Mosquito, mosquito you pesky little thing! My girls just came home from camp, their only complaint was being bitten by those crazy mosquitos, ugh. Why on God’s green earth is there a need for a tiny bug that does nothing but stick you, suck your blood, and leave you with an itchy bump?
Our conversation got me thinking about nature and how there are some bugs we enjoy and others we don’t. I thought how in life we can mimic these traits seen in bugs. Some are found positive while others may be negative to those we come in contact with.
What good does a mosquito do anyway? They fly around looking for a victim bugging us to death. Then if we are unlucky, they land somewhere unknown leaving behind a reminder of how horrible their visit was every time we itch ourselves. I searched the Web to see if there is a need in our ecosystem for mosquitos and there isn’t (at least that I could find). Let’s start a campaign to eradicate them!

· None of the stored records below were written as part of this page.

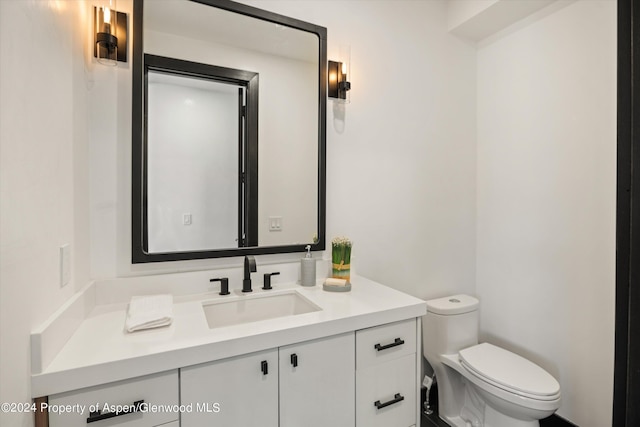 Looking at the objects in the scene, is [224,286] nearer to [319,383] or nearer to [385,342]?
[319,383]

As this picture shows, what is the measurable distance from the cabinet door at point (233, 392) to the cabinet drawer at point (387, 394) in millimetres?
373

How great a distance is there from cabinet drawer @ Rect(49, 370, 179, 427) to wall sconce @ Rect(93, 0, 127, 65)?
1.19 meters

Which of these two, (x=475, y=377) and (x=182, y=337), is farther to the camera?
(x=475, y=377)

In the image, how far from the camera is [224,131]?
1.55 metres

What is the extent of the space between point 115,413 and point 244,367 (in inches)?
14.3

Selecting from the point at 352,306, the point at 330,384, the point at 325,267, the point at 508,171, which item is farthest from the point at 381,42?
the point at 330,384

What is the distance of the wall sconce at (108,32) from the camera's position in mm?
1285

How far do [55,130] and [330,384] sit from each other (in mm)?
1253

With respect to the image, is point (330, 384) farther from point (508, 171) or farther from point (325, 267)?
point (508, 171)

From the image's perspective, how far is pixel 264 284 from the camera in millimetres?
1608

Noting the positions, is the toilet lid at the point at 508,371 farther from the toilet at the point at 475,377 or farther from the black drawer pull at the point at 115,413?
the black drawer pull at the point at 115,413

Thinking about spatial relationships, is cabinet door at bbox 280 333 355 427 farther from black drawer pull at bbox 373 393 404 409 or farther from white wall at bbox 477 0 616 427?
white wall at bbox 477 0 616 427

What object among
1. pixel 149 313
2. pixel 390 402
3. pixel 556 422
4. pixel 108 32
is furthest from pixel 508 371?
pixel 108 32

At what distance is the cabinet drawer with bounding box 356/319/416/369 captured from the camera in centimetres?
130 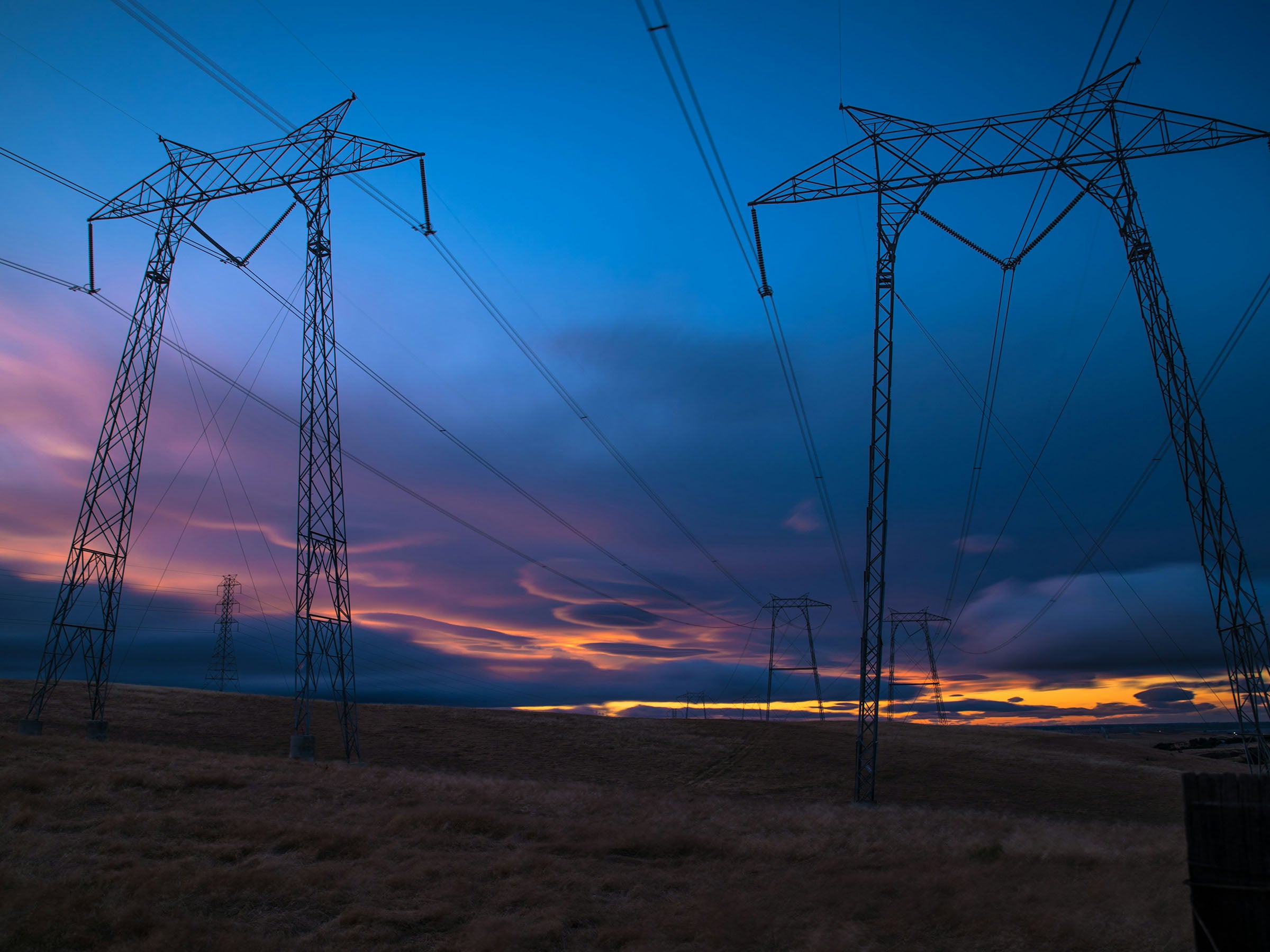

So I then thought about butterflies. We want them flying around us; butterflies are beautiful! They don’t bite, and in fact they give more than they take. We love seeing their beauty, but think of a world without flowers? When a butterfly lands to eat nectar it carries pollen to pollenate other flowers, sometimes great distances. Do we need butterflies in our ecosystem? Yes, so let’s get more!
We all know the conversations we have about both the mosquito and the butterfly. Which do you want to be? Do you want to be found bugging people, hanging around doing nothing but taking, and then leaving behind something undesired. Or would you rather be something beautiful to be around, bringing life to that which you touch, and leaving behind nothing but positive memories.
I believe we would all rather be the butterfly. It really isn’t all that hard to do either. Know when you are being a pest and back off a little to give another needed space. Listen carefully to words spoken and watch closely nonverbal clues. Find ways to give, knowing by nature it will generate abundance for you. Leave your family and friends something positive so they desire to have you return.
Simply watching nature can teach us valuable life lessons. I think I will go out in the garden and look for a butterfly.